■ **Task to carry out**
What are the lines, word for word, from the line with "Eirinis House With" up to and including the line with "stainless-steel-500-gallon-truck-tank-image-5" in the records below? Omit the pictures.

■ **Given records**
....
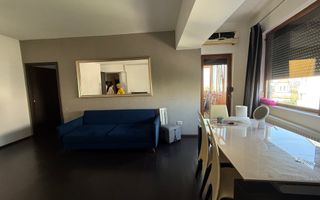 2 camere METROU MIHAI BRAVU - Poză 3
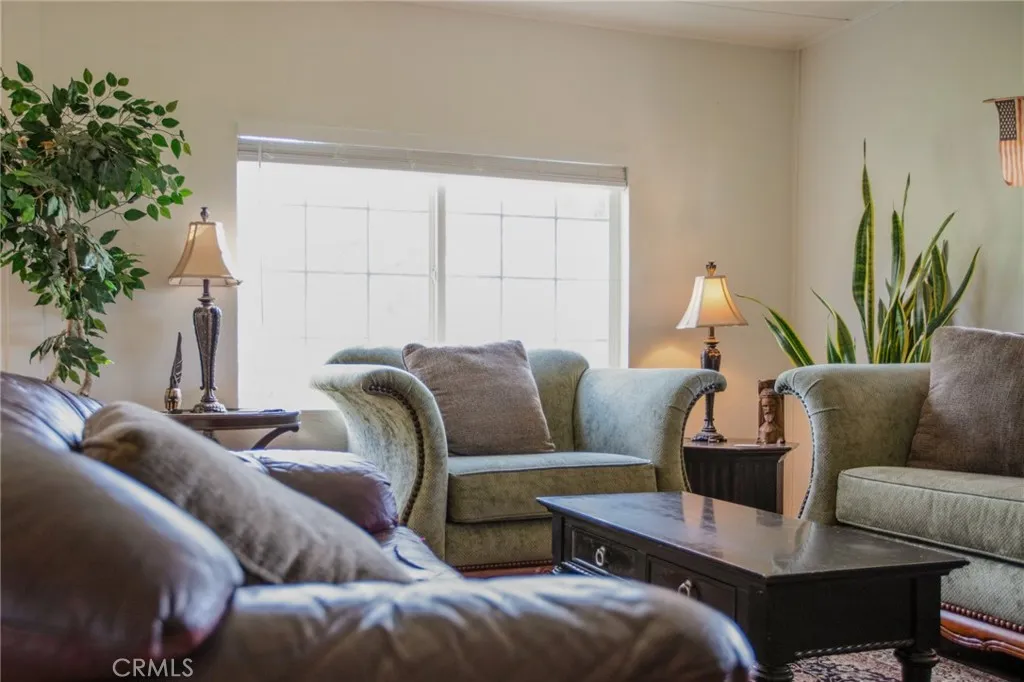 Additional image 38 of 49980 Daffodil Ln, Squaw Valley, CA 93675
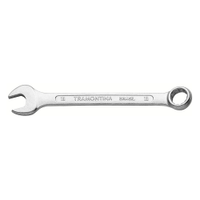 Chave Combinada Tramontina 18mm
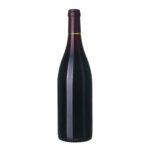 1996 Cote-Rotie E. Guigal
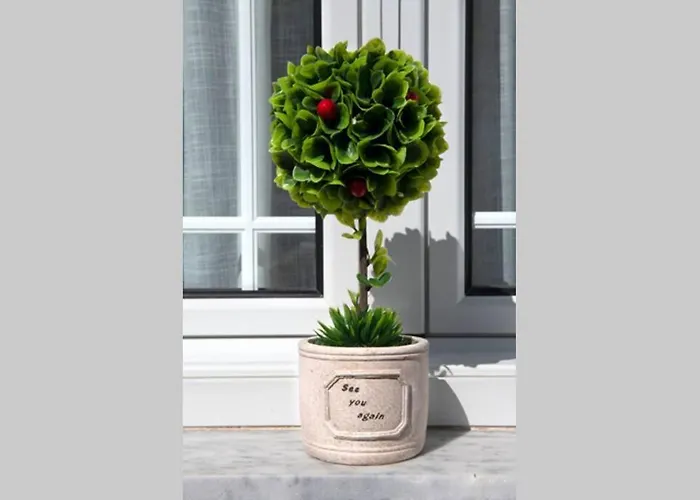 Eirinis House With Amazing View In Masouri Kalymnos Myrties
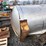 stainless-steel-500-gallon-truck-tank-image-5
....
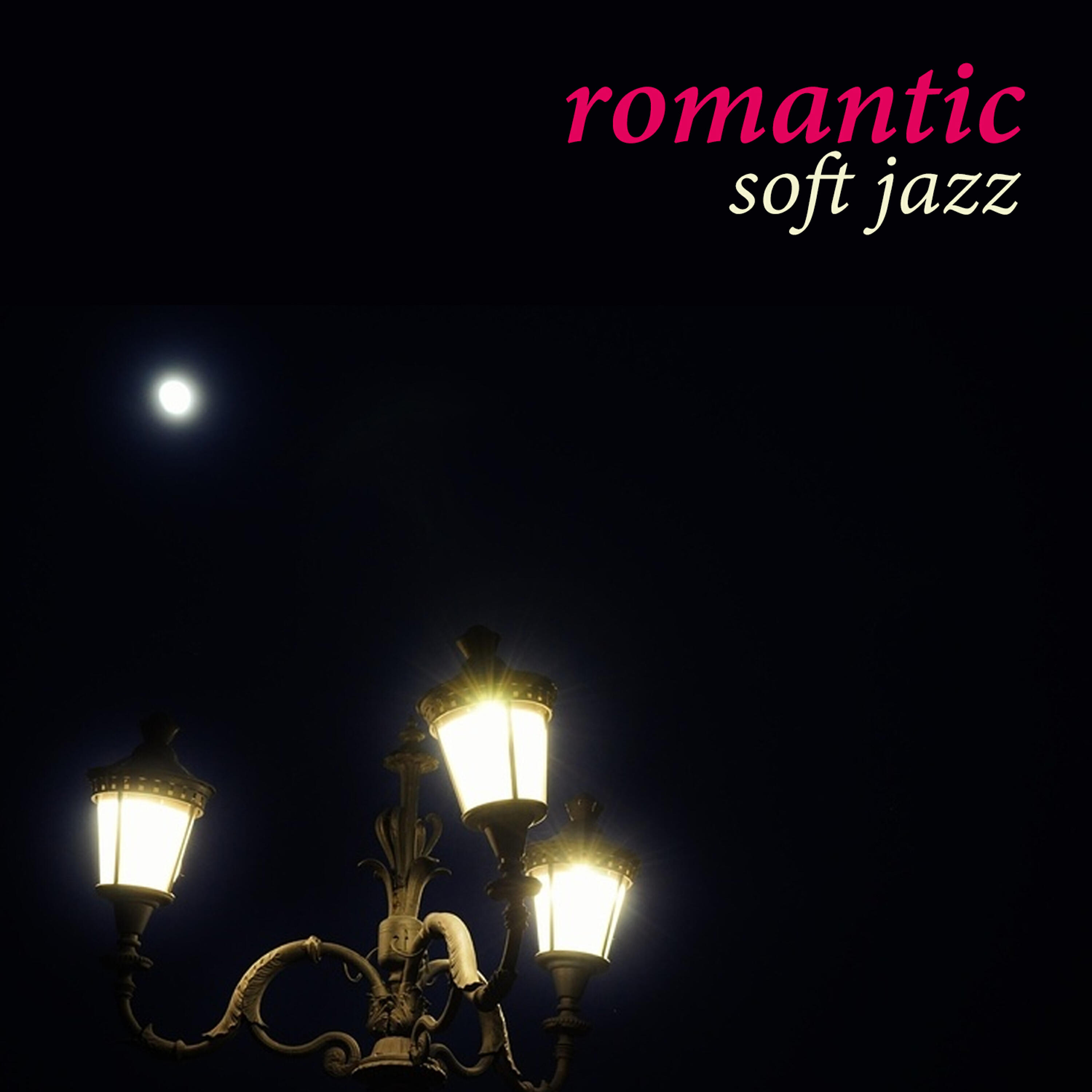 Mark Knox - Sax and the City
....
■ **Answer below**
 Eirinis House With Amazing View In Masouri Kalymnos Myrties
 stainless-steel-500-gallon-truck-tank-image-5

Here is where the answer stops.